RNA-seq analysis corresponding to cotton MNase-seq datasets
1. Preprocessing and mapping of RNA-seq datasets
Locate FASTQ files
For both MNase-seq and RNA-seq experiments, mature leaf tissue was harvested from flowering branches at 5pm, and immediately flash frozen in liquid nitrogen and stored at −80°C. Four Gossypium accessions were used including a natural allopolyploid, G. hirsutum (AD1) cultivar Acala Maxxa, and models of its A- and D-genome diploid progenitors, G. arboreum (A2) and G. raimondii (D5), as well as the corresponding interspecific diploid F1 hybrid (A2 × D5).
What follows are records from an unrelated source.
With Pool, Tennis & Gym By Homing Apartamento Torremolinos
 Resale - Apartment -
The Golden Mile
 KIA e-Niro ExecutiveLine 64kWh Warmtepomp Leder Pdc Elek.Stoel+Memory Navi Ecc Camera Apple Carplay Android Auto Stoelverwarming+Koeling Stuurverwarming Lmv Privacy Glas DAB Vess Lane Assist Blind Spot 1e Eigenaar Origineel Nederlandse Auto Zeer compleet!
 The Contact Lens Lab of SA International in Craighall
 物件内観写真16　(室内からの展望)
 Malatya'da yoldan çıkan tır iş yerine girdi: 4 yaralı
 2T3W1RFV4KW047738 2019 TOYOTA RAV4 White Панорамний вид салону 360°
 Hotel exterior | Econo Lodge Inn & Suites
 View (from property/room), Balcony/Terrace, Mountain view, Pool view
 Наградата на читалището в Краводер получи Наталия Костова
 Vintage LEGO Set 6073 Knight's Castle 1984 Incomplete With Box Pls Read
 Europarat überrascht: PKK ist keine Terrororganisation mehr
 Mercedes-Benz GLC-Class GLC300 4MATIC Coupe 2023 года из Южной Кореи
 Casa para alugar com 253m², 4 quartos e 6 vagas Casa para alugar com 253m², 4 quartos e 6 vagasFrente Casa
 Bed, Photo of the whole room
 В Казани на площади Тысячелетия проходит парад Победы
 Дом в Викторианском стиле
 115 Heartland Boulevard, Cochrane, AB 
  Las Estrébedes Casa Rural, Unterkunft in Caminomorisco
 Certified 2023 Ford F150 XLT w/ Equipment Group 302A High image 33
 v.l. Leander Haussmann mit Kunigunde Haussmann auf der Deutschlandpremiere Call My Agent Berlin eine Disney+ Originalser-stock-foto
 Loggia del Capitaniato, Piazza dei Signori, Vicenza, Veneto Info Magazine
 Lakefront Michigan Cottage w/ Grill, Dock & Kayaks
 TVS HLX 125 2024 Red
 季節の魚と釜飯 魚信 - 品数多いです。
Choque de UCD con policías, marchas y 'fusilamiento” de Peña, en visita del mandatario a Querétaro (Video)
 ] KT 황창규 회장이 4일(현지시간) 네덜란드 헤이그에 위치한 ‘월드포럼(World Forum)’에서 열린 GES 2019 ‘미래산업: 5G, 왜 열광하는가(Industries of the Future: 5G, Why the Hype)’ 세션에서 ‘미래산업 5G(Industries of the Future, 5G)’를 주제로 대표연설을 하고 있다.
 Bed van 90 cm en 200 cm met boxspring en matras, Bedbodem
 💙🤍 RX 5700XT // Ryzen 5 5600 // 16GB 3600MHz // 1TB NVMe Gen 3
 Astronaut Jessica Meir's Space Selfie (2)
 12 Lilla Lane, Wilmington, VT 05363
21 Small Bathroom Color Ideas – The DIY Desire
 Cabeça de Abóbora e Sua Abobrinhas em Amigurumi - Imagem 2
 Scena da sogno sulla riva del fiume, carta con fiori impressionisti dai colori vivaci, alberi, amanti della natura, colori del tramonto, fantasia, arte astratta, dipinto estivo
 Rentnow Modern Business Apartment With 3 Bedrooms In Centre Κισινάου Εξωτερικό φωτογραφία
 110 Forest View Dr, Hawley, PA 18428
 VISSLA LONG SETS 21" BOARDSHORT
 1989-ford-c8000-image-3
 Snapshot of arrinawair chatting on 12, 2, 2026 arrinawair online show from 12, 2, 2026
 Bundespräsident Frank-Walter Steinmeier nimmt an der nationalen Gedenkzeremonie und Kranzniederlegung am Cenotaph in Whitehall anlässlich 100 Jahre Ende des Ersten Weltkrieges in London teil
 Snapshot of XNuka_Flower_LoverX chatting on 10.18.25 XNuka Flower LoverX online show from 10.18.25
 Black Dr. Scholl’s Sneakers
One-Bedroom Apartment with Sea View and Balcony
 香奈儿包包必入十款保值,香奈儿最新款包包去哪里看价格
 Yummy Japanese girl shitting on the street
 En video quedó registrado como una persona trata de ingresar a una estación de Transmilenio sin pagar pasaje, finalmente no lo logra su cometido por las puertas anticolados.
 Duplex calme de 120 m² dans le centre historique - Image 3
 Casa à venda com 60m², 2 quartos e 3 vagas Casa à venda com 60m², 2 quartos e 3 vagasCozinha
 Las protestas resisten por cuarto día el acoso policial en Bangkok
cd /home/hugj2006/jfw-lab/Projects/MNase-seq/cottonLeaf/RNAseq/rawfastq
ln -s /lss/research/jfw-lab/RawData/Duplicated_Networks/transcriptomic/SD5-Maxxa* .
ln -s /lss/research/jfw-lab/RawData/Duplicated_Networks/transcriptomic/SD5-D5* .
ln -s /lss/research/jfw-lab/RawData/Duplicated_Networks/transcriptomic/SD5-A2* .
ls
Quality trimming
bash runTrimGalore.sh >runTrimGalore.071117.txt 2>&1
grep -E "Total reads|Reads written" trimmed/*txt >summaryStat/trimStat.txt
Cotton reference transcriptomes
CottonGen compiles all published cotton genomes, and I used 4 different individual reference genomes for AD1, A2, D5 and A2xD5.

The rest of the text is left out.